Итак, мнение Делеэ о времени происхождения Passions épiques нельзя признать состоятельным. К указанному им времени, IV веку, относится расцвет жанра, но никак не его происхождение. Расцвет был вызван внесением этого жанра в востребованный временем «тип» агиографической литературы («мученичества»), но этот жанр и прежде сохранял свои позиции в других «типах» агиографической литературы. Даже в раннехристианских повествованиях об апостолах он уже не был нов.

Типичными Passions épiques являются, например, важнейшие для христианства IV века рассказы о обретении Креста и интерферирующие с ними рассказы о видении Креста на небе над Иерусалимом в 352 году, филиацией которых много занимался М. ван Эсбрук. Он показал, в частности, что эти рассказы преемствуют рассказам более древним, передававшимся в иудео-христианской общине Иерусалима. Одновременно И. Боргенхаммар показал связь этих рассказов с культом мучеников Маккавейских в раннехристианской традиции и, через этот культ, — с ветхозаветным культом Ковчега Завета [8]. Таким образом, мы видим, что уже к началу «Константиновой эры» «эпический» жанр агиографии был вполне «мейнстримным». Если на дальнейшее его развитие и оказал влияние жанр панегириков, то этим ничуть не отрицается древность и даже архаичность жанра «эпического».

Архаичностью «эпического» жанра — причем архаичностью вовсе не «эллинской», а иудейской — объясняется и его столь малая и столь шокирующая многих современных читателей незаинтересованность в изображении человеческих личностей, и это несмотря на то, что все Passions épiques посвящены каким-то конкретным святым.

Это просто означает, что для «эпической» агиографии есть нечто более важное и она стремится не отвлекать внимание читателя на второстепенное и постороннее.
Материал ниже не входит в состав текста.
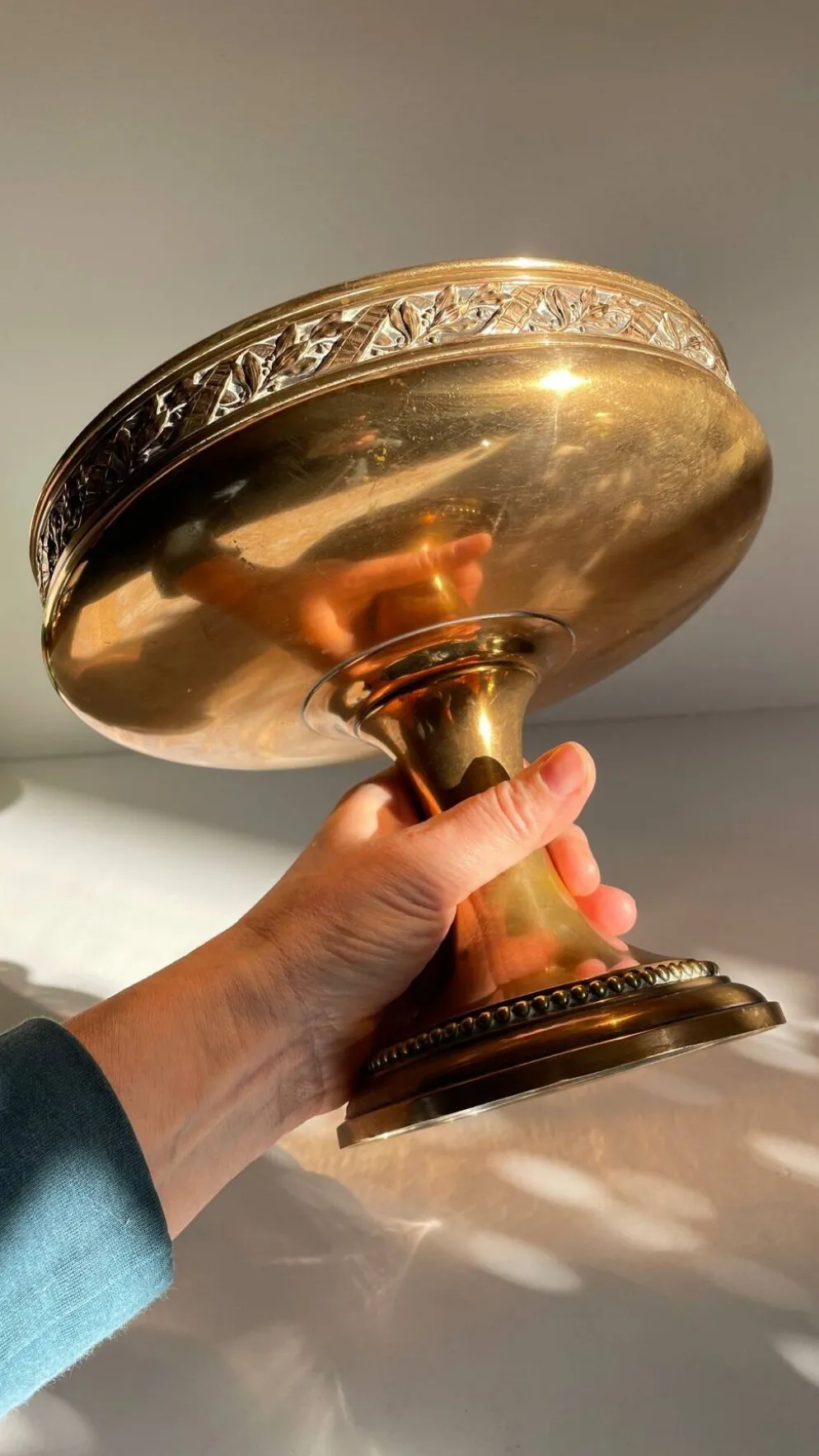 Coupe à fruits en métal argenté bronzé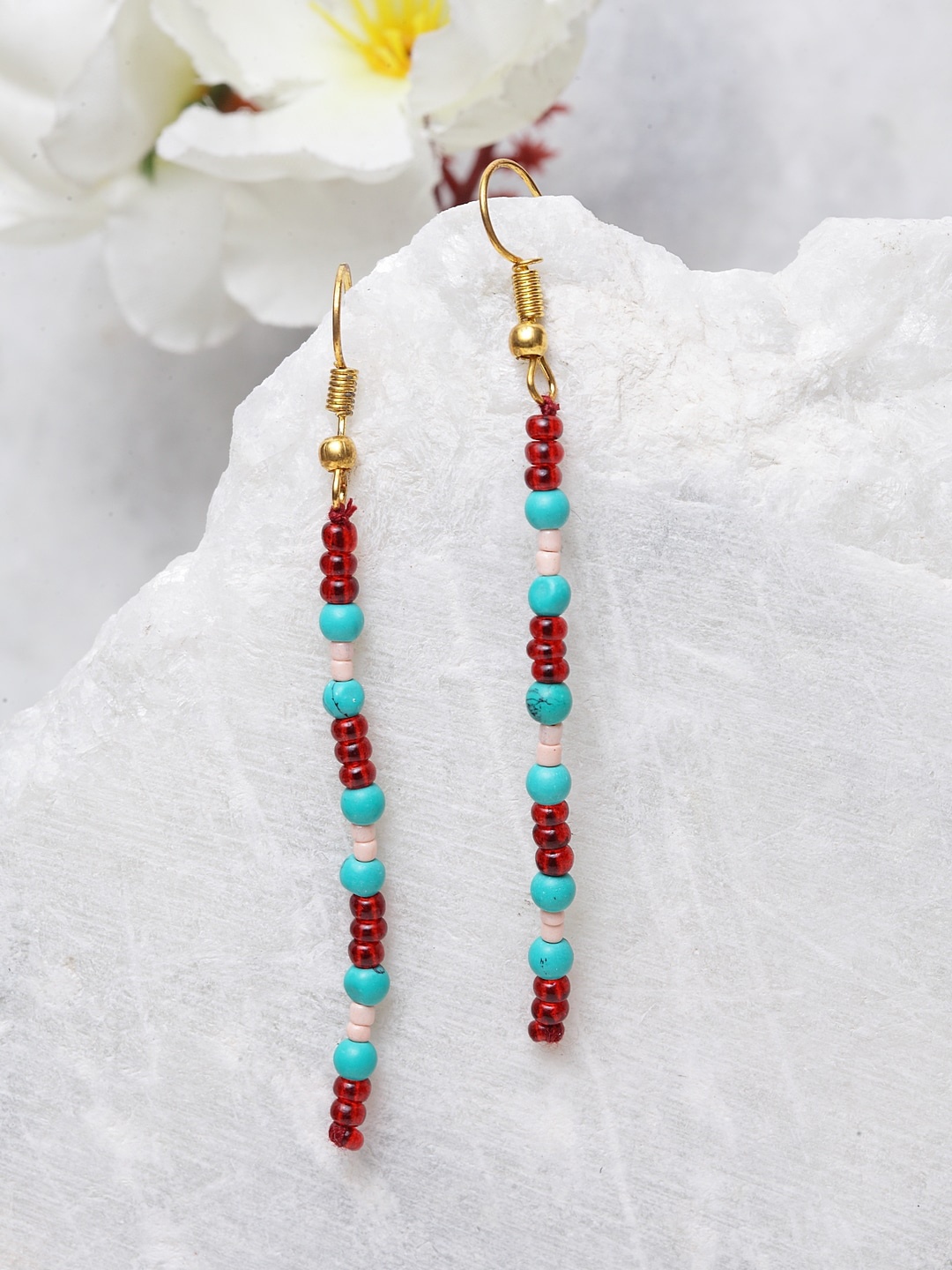 

DUGRISTYLE Red & Blue Beaded Gold-Plated Contemporary Drop Earrings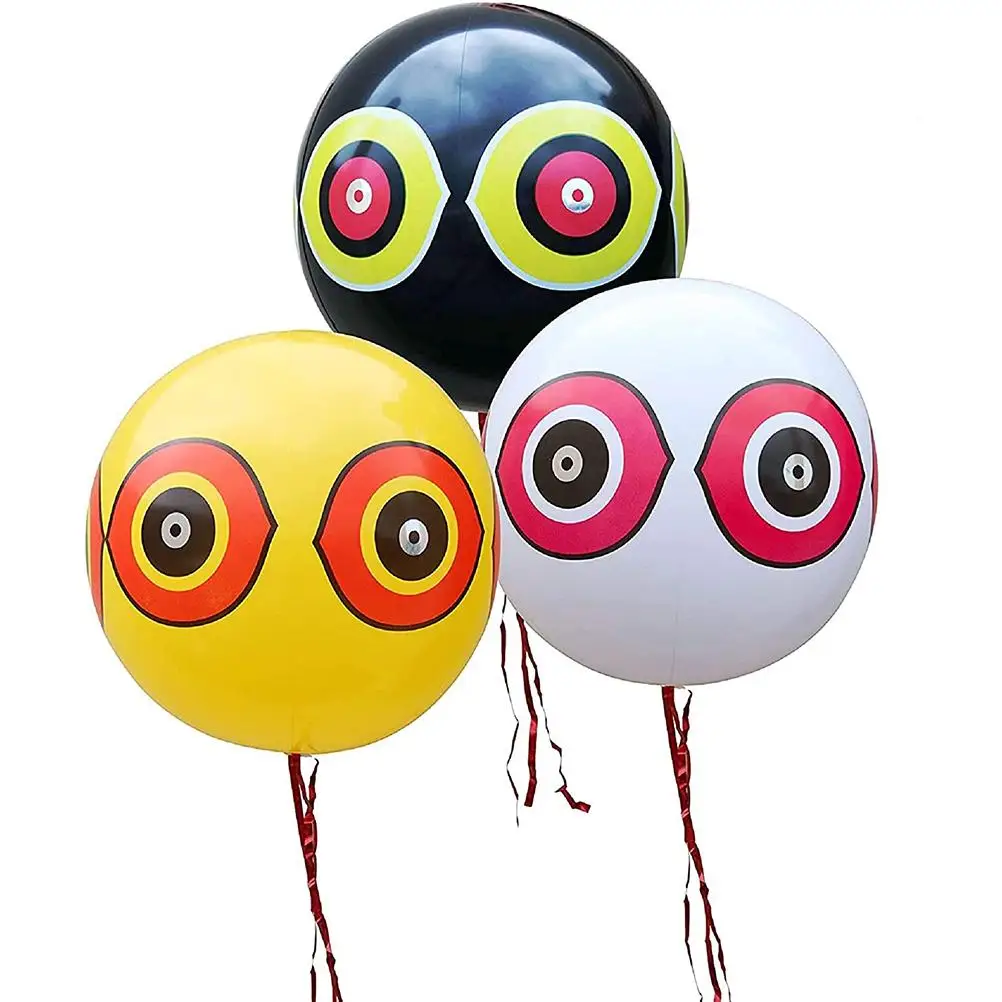

3PCS Bird Repellent PVC Inflatable Bird Repellent Balloons Scare Visual Deterrent Keep Birds Away from Farm Orchards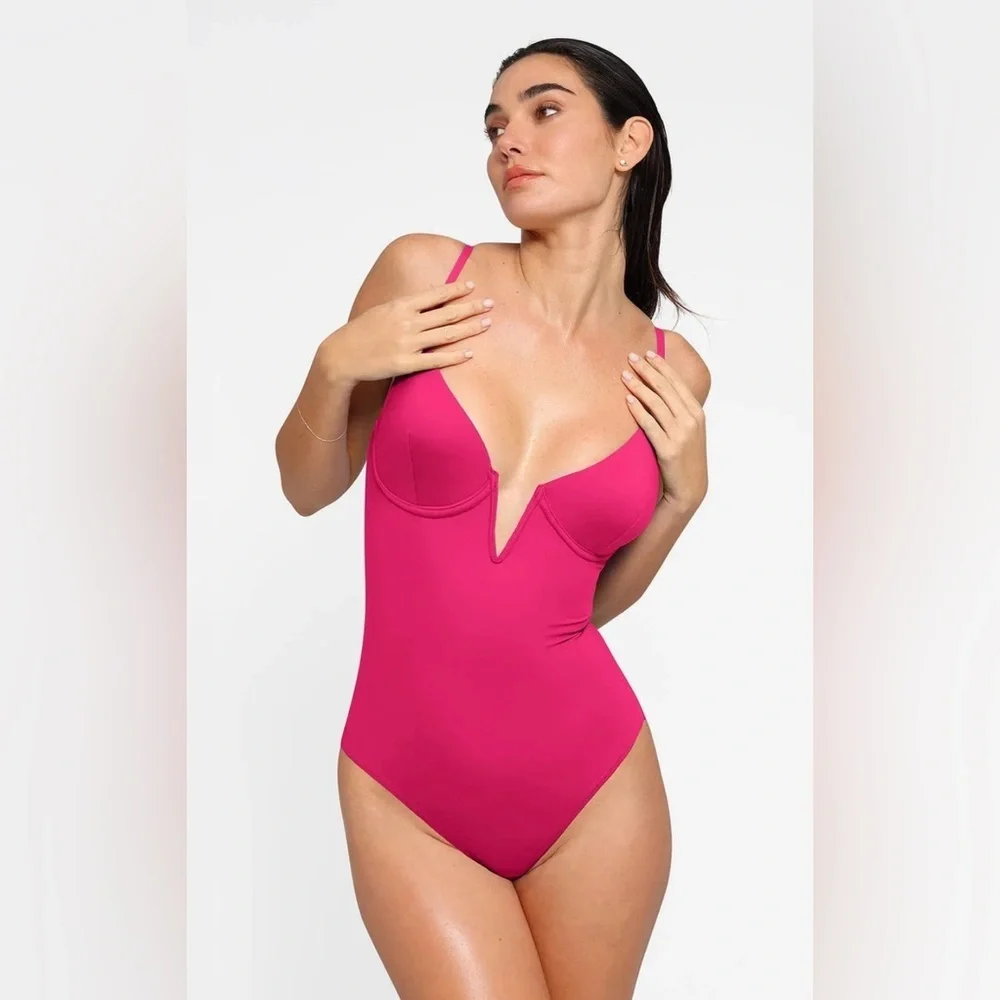 Popilush Shapewear Plunging V Slimming One-Piece Swimsuit Xlarge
Позднее, в 1930-е годы, соответствующие наблюдения Делеэ будут приведены им самим в более систематизированный вид. Мы пока что не будем забегать вперед, а ограничимся констатацией: Passions épiques — это повествования не столько о святых, сколько о святынях и святилищах. Портреты святых имеют в них значение вспомогательное (некоторых коммуникационных кодов), и требования к ним предъявляются соответствующие.

Примечания

[1]Частным случаем панегирика является ψόγος (псогос) — «панегирик наоборот», риторическое порицание. Этот античный риторический жанр также нашел дорогу в агиографию, хотя в материале, рассматривавшемся Делеэ, он не встречался. Из примечательных для церковных историков псогосов все рекорды исторической значимости побило сирийское «антижитие» Максима Исповедника (579–662), составленное кем-то из монофелитов (его богословских противников) в VII в.; оно содержит, между прочим, и уникальную биографическую информацию о своем герое, которая вполне может быть верной, хотя и отсутствует в его греческом агиографическом досье. См. издание и исследование: S. Brock, An Early Syriac Life of Maximus the Confessor, Analecta Bollandiana 91 (1973) 299–346 [репринт: idem, Syriac Perspectives on Late Antiquity (London, 1984) (Variorum. Collected Studies Series CS199) Ch. XII].
[2]«Lorsque la grande époque des fondateurs de l’hagiographie, ceux qui ont raconté avec sincérité ce que leurs yeux ont vu, fut définitivement close, et avant même que l’âge d’or de l’éloquence chrétienne nous ait envoyé ses derniers échos, au sein d’une civilisation qui décline et parmi les signes les plus certains de la décadence intellectuelle, commence à s’élaborer une littérature anonyme, consacrée, elle aussi, à la glorification des martyrs, et qui fera oublier les chefs-d’œuvre les plus indiscutés et les documents les plus authentiques de l’histoire des persécutions» (Delehaye, Les passions des martyrs et les genres littéraires, 171).
[3]Delehaye, Les passions des martyrs et les genres littéraires, 173.
[4]Об этом памятнике см.: J. W. van Henten, The Maccabean Martyrs as Saviours of the Jewish People. A Study of 2 and 4 Maccabees (Leiden — New York — Köln, 1997) (Supplements to The Journal for the Study of Judaism, vol. 57).
[5]Delehaye, Les passions des martyrs et les genres littéraires, 226.
[6]См., в частности: В. М. Лурье, Рец. на Monette Bohrmann, Valeurs du judaïsme du début de notre ère, Вестник древней истории 3 (242) (2002) 233–235.
[7]См. особо: van Henten, The Maccabean Martyrs as Saviours of the Jewish People…
[8]См. подробно: Лурье, Из Иерусалима в Аксум…, 169–171.